- **What is needed**:
After finding the line with "Women's Party LA72700" in the entries below, retype exactly each line from there through the line with "Double Rhythm 6", including that final line.
----- Data under study
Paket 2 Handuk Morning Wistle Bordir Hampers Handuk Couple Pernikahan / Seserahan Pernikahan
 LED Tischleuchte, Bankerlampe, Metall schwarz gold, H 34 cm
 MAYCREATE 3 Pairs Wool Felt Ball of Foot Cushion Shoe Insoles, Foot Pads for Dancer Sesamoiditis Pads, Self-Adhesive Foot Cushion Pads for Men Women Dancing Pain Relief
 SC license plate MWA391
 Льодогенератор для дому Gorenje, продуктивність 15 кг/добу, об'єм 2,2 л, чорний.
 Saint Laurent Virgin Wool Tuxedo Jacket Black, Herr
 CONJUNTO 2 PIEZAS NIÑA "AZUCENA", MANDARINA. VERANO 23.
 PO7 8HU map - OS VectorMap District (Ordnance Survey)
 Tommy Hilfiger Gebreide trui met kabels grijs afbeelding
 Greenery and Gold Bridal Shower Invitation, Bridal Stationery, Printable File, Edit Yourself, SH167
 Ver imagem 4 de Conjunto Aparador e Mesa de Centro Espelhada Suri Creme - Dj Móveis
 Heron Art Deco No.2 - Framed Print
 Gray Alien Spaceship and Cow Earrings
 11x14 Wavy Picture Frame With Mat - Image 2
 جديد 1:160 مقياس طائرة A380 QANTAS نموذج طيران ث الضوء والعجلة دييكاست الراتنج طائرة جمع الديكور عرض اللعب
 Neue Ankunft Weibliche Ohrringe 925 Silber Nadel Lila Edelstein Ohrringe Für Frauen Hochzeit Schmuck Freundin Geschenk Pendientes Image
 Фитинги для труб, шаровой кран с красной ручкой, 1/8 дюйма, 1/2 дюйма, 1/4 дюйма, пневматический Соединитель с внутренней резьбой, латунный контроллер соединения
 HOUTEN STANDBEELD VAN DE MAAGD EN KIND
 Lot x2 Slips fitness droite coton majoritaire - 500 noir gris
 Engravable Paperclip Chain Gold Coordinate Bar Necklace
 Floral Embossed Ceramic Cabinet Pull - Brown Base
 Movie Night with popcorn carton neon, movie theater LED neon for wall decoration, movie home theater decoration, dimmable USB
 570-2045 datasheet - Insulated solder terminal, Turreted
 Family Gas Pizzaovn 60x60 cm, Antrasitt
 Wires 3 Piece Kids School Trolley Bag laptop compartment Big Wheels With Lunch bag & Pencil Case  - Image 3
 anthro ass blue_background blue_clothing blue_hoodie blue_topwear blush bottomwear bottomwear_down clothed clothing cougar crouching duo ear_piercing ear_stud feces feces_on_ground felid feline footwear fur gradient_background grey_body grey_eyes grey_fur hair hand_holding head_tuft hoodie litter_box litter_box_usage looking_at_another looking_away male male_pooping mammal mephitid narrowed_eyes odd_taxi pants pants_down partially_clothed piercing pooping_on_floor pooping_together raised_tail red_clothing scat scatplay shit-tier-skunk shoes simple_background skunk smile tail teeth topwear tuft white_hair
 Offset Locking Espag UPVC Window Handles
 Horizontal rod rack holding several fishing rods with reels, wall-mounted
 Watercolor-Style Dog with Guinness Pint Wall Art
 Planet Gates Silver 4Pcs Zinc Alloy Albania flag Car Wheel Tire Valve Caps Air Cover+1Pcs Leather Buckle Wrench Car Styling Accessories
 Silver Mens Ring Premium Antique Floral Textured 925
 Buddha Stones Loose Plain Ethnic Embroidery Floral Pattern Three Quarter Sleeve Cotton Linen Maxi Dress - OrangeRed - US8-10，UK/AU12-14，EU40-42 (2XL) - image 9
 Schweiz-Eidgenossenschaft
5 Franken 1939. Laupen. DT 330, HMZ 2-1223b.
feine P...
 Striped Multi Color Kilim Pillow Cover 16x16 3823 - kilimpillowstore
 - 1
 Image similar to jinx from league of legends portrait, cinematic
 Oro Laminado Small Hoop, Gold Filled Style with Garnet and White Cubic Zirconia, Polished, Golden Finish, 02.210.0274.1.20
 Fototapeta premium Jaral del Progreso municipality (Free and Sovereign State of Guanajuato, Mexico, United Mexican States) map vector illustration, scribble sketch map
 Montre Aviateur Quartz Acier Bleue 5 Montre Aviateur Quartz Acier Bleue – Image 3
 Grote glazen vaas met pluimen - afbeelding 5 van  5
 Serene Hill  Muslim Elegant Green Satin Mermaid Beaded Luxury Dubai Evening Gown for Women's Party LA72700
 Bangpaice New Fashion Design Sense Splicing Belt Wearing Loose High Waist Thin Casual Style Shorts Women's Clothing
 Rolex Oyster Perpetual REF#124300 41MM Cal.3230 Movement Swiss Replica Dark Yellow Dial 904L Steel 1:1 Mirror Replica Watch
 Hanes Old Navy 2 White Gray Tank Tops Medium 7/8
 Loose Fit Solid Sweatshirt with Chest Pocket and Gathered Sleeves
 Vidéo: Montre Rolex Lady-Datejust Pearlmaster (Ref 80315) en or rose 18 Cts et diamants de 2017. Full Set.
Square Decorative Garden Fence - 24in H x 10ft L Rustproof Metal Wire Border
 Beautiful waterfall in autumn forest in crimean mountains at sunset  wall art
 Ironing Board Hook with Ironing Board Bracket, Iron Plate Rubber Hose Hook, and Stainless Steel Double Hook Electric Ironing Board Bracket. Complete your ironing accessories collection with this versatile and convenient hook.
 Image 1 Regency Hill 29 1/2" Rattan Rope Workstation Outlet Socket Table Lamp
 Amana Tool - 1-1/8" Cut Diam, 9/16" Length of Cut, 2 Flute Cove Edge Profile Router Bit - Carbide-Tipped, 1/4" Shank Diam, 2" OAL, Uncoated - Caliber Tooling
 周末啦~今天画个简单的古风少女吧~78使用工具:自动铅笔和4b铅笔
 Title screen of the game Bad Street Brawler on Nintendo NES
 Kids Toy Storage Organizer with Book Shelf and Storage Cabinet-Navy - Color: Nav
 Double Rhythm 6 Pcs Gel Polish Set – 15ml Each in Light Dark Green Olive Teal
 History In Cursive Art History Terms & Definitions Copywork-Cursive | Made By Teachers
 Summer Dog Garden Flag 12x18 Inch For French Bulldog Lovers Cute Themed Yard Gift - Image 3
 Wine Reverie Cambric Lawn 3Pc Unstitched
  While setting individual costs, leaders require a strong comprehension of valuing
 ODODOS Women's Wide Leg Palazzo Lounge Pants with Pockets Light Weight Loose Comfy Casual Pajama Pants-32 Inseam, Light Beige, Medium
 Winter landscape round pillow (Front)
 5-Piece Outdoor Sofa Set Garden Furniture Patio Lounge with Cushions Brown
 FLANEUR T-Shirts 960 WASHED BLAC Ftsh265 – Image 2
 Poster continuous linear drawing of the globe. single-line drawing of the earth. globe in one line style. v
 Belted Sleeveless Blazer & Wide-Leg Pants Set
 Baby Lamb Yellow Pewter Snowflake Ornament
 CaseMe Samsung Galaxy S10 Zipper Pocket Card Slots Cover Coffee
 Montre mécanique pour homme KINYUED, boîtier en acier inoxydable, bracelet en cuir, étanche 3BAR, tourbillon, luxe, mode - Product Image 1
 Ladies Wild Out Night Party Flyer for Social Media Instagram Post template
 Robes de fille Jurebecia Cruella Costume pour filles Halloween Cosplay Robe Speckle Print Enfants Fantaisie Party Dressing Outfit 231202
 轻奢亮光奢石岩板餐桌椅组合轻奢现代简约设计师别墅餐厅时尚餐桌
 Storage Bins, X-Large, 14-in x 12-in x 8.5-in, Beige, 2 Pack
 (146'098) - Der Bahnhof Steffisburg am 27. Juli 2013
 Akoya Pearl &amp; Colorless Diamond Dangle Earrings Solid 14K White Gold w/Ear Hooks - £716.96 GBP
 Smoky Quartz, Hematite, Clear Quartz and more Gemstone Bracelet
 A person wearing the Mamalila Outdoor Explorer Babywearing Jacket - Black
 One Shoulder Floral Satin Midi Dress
----------
- **Finished exercise**:
 Serene Hill  Muslim Elegant Green Satin Mermaid Beaded Luxury Dubai Evening Gown for Women's Party LA72700
 Bangpaice New Fashion Design Sense Splicing Belt Wearing Loose High Waist Thin Casual Style Shorts Women's Clothing
 Rolex Oyster Perpetual REF#124300 41MM Cal.3230 Movement Swiss Replica Dark Yellow Dial 904L Steel 1:1 Mirror Replica Watch
 Hanes Old Navy 2 White Gray Tank Tops Medium 7/8
 Loose Fit Solid Sweatshirt with Chest Pocket and Gathered Sleeves
 Vidéo: Montre Rolex Lady-Datejust Pearlmaster (Ref 80315) en or rose 18 Cts et diamants de 2017. Full Set.
Square Decorative Garden Fence - 24in H x 10ft L Rustproof Metal Wire Border
 Beautiful waterfall in autumn forest in crimean mountains at sunset  wall art
 Ironing Board Hook with Ironing Board Bracket, Iron Plate Rubber Hose Hook, and Stainless Steel Double Hook Electric Ironing Board Bracket. Complete your ironing accessories collection with this versatile and convenient hook.
 Image 1 Regency Hill 29 1/2" Rattan Rope Workstation Outlet Socket Table Lamp
 Amana Tool - 1-1/8" Cut Diam, 9/16" Length of Cut, 2 Flute Cove Edge Profile Router Bit - Carbide-Tipped, 1/4" Shank Diam, 2" OAL, Uncoated - Caliber Tooling
 周末啦~今天画个简单的古风少女吧~78使用工具:自动铅笔和4b铅笔
 Title screen of the game Bad Street Brawler on Nintendo NES
 Kids Toy Storage Organizer with Book Shelf and Storage Cabinet-Navy - Color: Nav
 Double Rhythm 6 Pcs Gel Polish Set – 15ml Each in Light Dark Green Olive Teal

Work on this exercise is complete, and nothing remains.